→ **TASK GOAL**:
Return the listing below verbatim. Pictures do not belong in the copy.

→ **SOURCE DATA**:
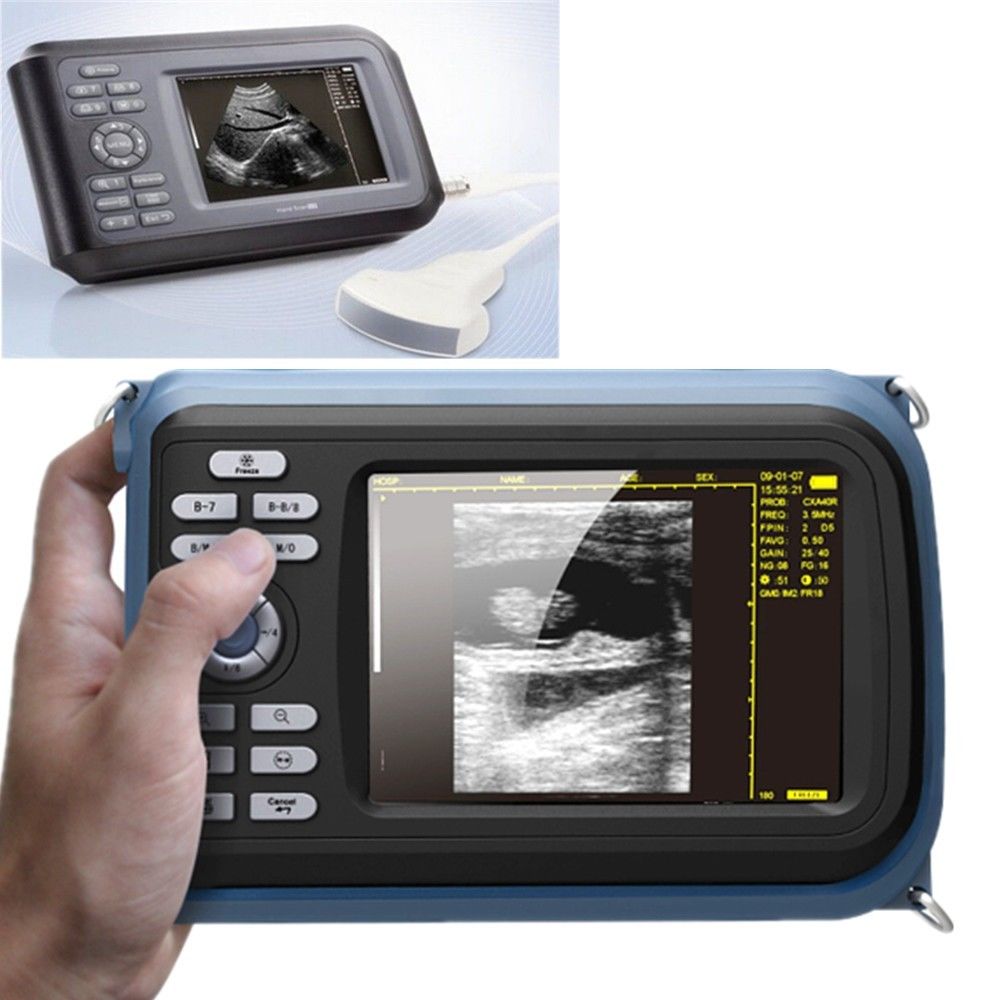 Laptop Machine HandScan Ultrasound scanner Convex + Linear+ Micro Convex Probe DIAGNOSTIC ULTRASOUND MACHINES FOR SALE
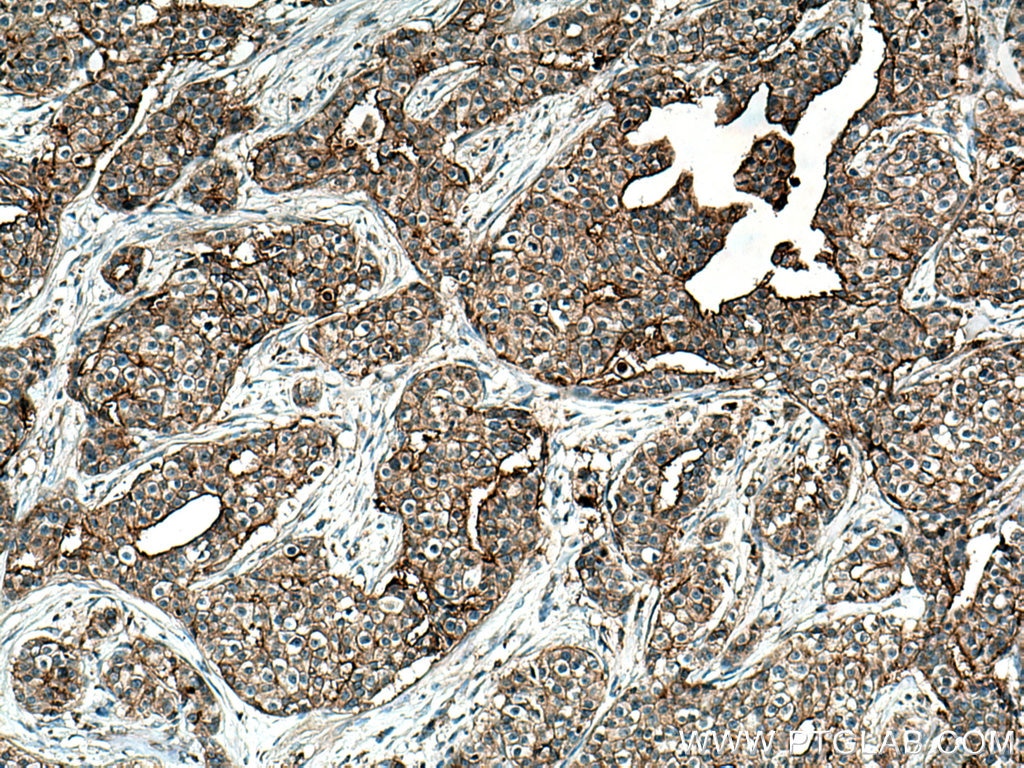 Immunohistochemistry (IHC) staining of human breast cancer tissue using GNA13 Monoclonal antibody (67188-1-Ig)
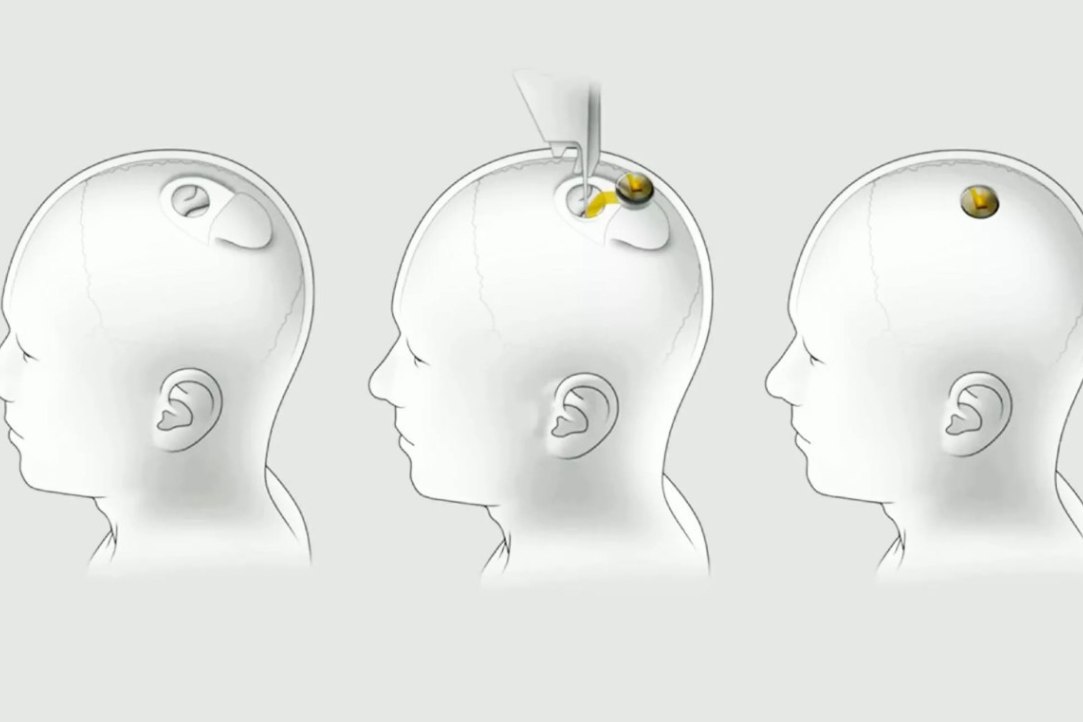 Иллюстрация к новости: Эра всеобщего чипирования: нейроинтерфейсы для человека — фантастика или уже реальность?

→ **SOLUTION FOR THIS TASK**:
 Laptop Machine HandScan Ultrasound scanner Convex + Linear+ Micro Convex Probe DIAGNOSTIC ULTRASOUND MACHINES FOR SALE
 Immunohistochemistry (IHC) staining of human breast cancer tissue using GNA13 Monoclonal antibody (67188-1-Ig)
 Иллюстрация к новости: Эра всеобщего чипирования: нейроинтерфейсы для человека — фантастика или уже реальность?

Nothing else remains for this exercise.